# [WHAT TO DO]
In the entries below, copy only the lines from the one that contains "Used 2009 Silver Honda EX-L image 11" through the last line, exactly, and omit any pictures.

↓↓↓

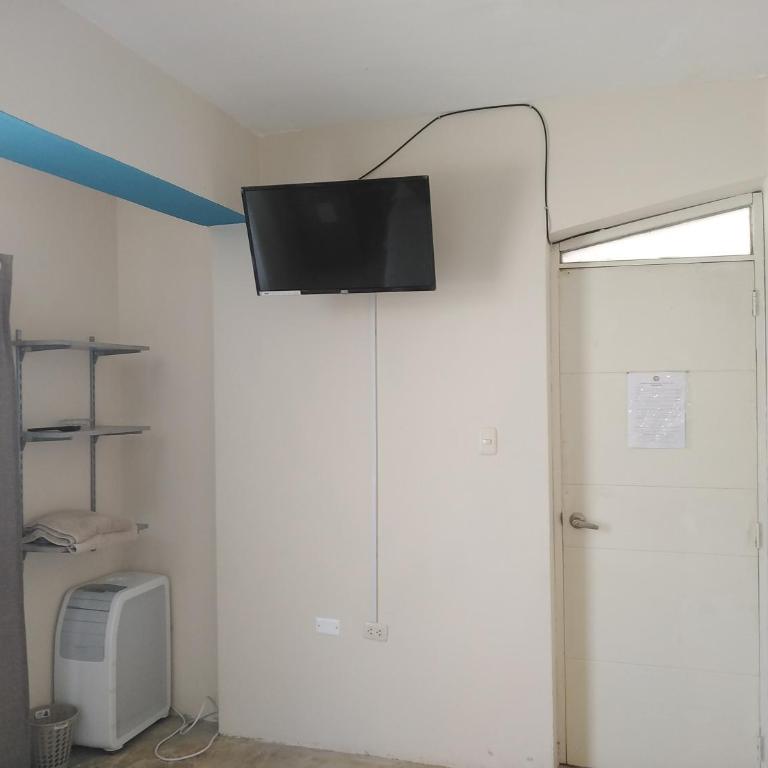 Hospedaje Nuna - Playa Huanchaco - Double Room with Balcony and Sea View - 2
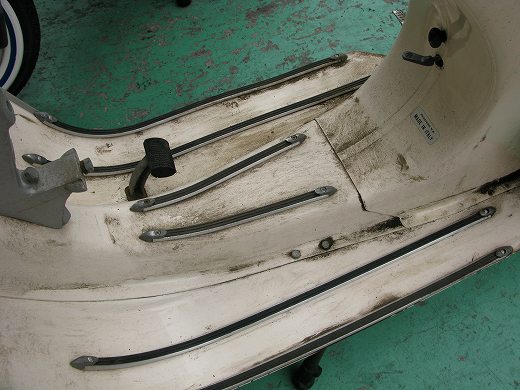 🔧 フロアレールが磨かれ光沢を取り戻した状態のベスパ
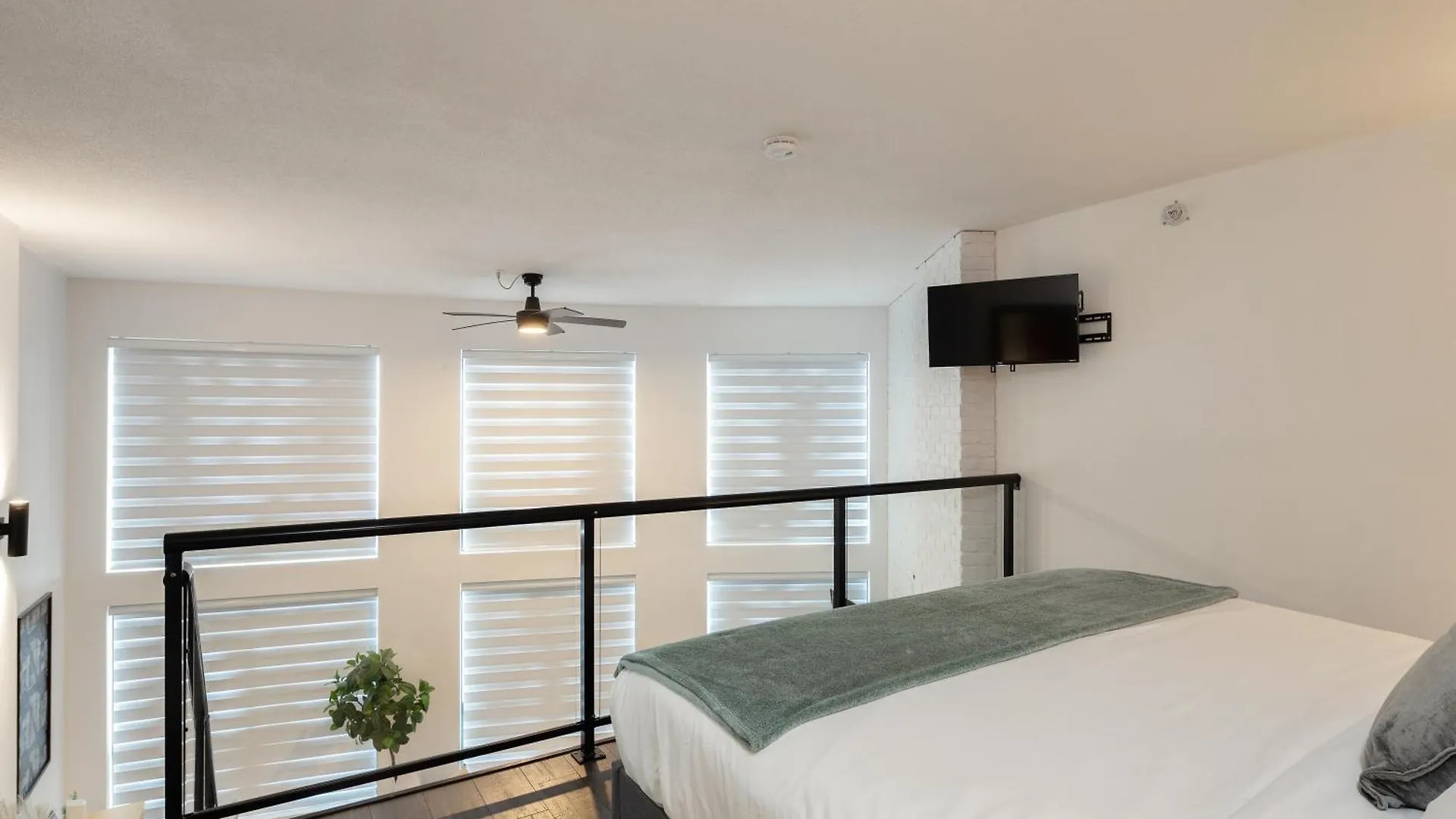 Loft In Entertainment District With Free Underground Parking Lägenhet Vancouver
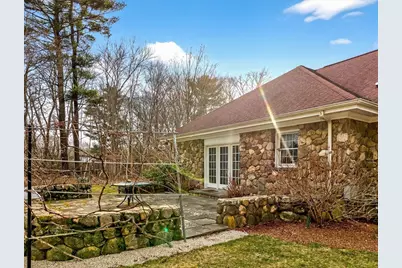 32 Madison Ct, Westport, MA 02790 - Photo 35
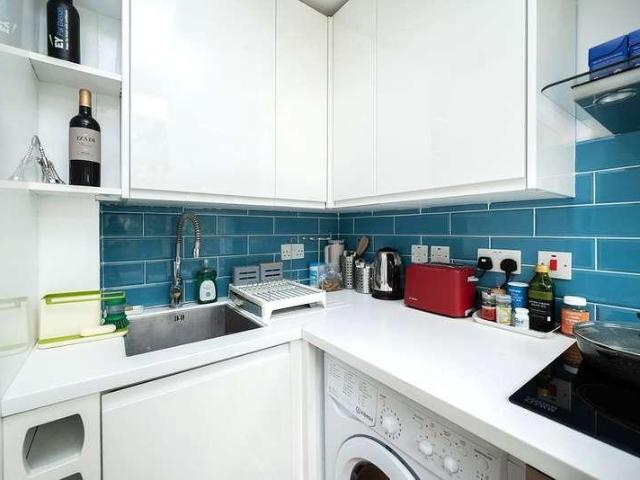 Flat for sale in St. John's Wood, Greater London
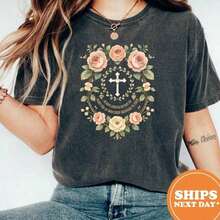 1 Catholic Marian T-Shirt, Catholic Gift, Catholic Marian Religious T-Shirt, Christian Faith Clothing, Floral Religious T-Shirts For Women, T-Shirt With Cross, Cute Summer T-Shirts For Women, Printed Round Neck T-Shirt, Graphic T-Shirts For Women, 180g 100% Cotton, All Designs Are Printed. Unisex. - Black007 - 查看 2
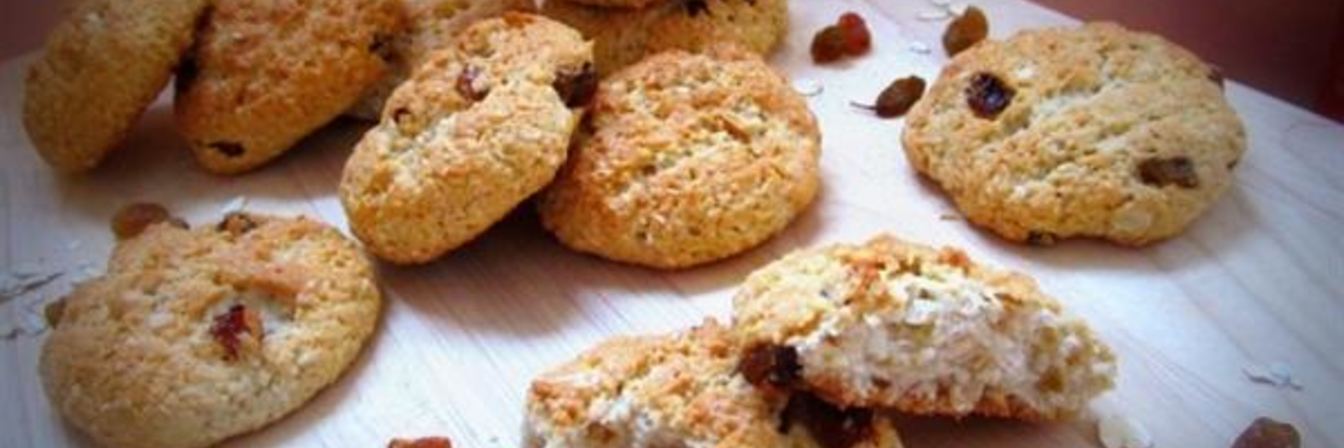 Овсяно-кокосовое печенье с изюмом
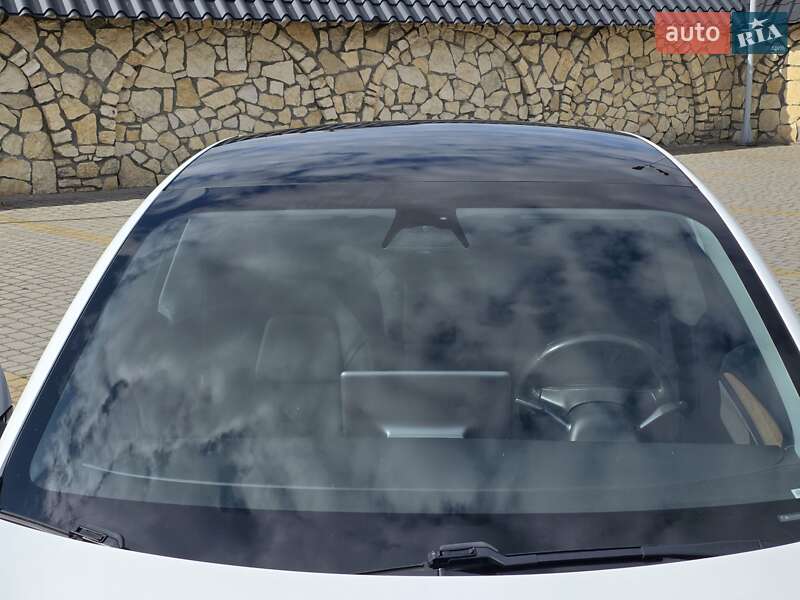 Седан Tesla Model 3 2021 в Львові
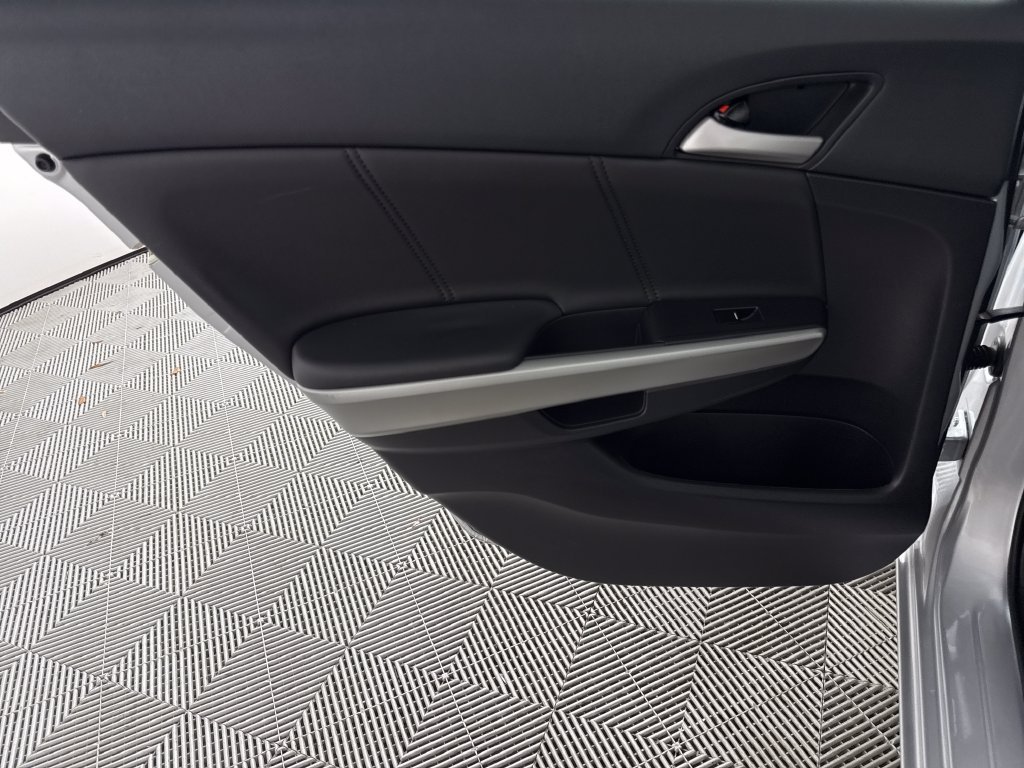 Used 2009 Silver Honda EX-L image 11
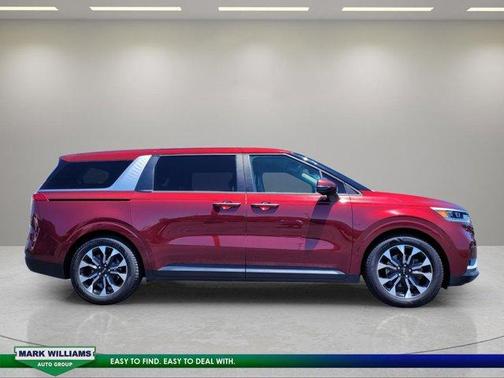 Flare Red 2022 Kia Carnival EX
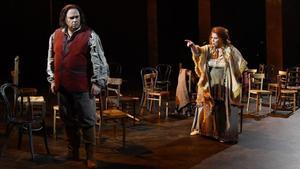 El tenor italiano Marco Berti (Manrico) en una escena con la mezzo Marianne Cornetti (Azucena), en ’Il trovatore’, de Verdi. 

↑↑↑

# [ANSWER TO THE PROBLEM]
 Used 2009 Silver Honda EX-L image 11
 Flare Red 2022 Kia Carnival EX
 El tenor italiano Marco Berti (Manrico) en una escena con la mezzo Marianne Cornetti (Azucena), en ’Il trovatore’, de Verdi. 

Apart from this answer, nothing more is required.